RECORDED DATA:
· · · · ·

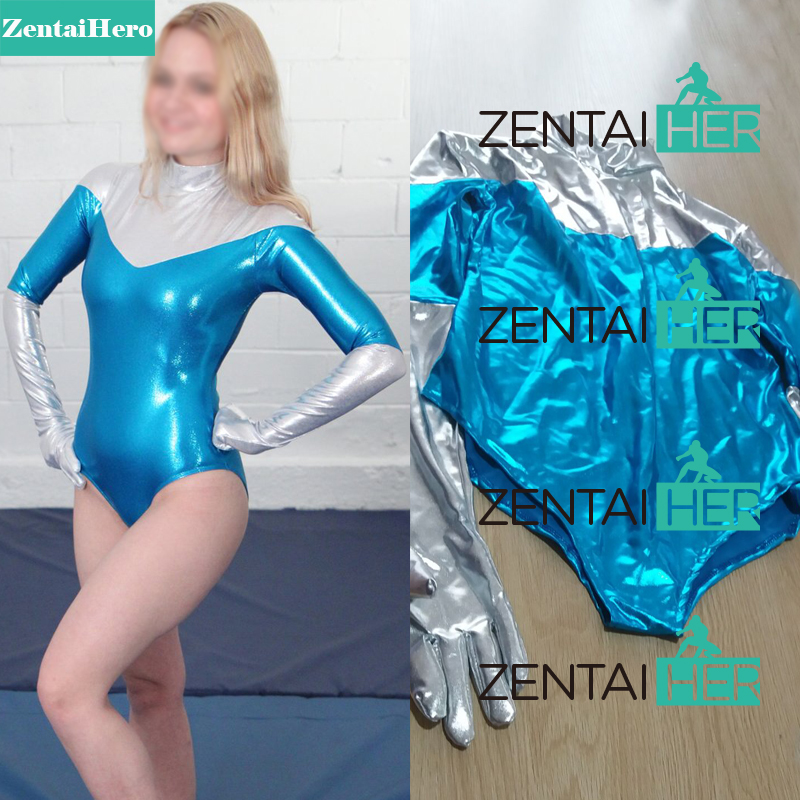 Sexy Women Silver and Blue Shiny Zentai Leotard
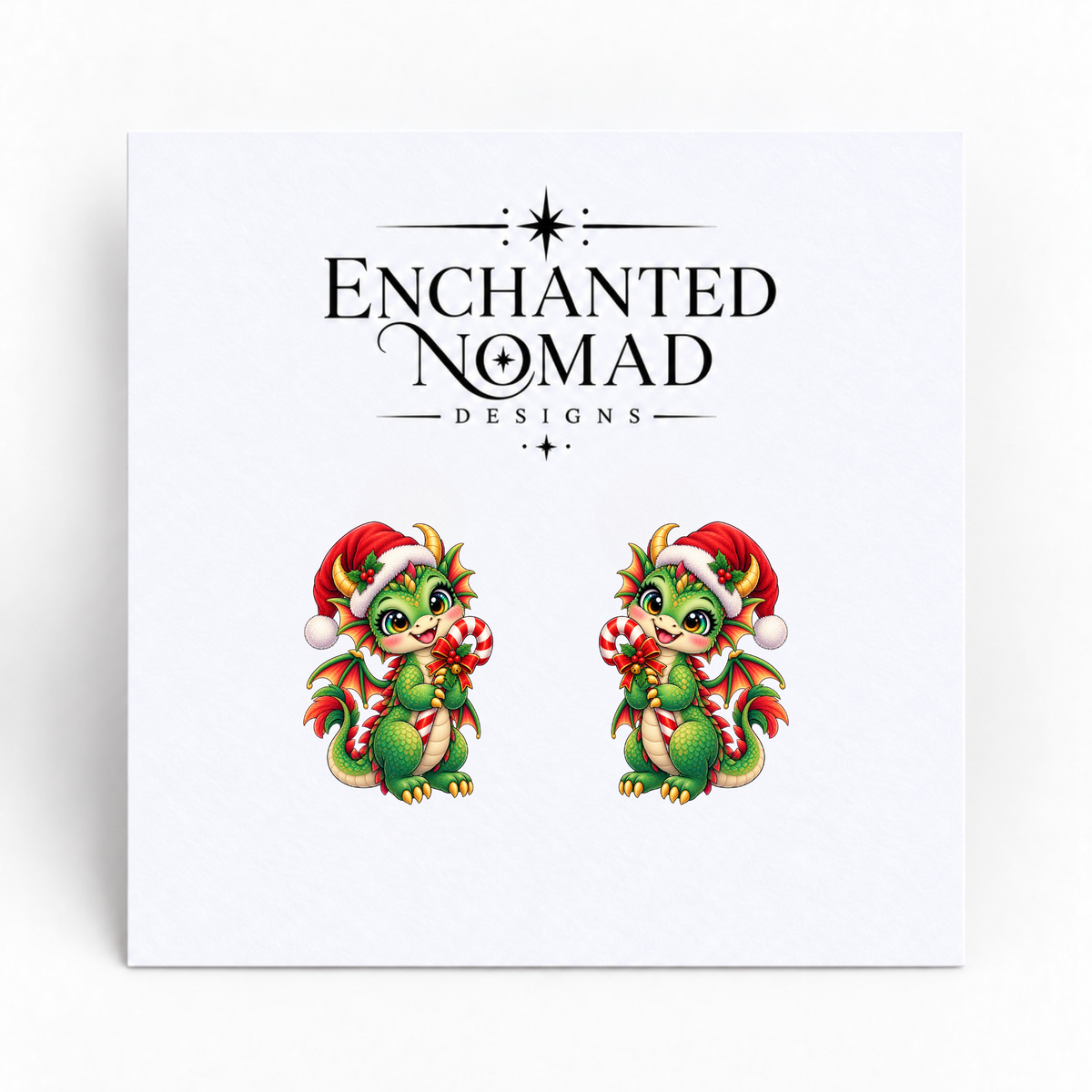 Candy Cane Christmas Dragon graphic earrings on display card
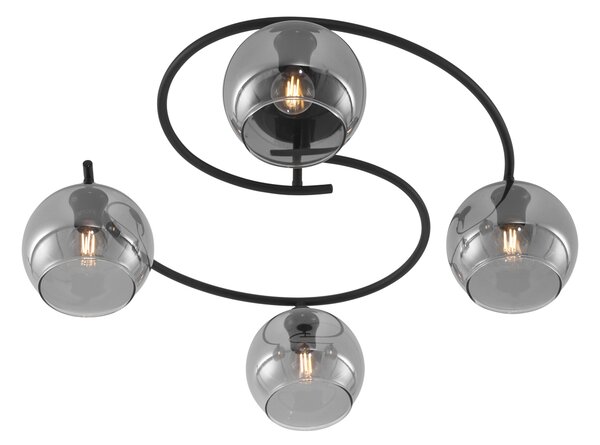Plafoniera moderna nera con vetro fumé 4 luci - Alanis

· · · · ·

WHAT YOU SHOULD DO: Print the material exactly as given, but not the pictures.

ANSWER BELOW:
 Sexy Women Silver and Blue Shiny Zentai Leotard
 Candy Cane Christmas Dragon graphic earrings on display card
Plafoniera moderna nera con vetro fumé 4 luci - Alanis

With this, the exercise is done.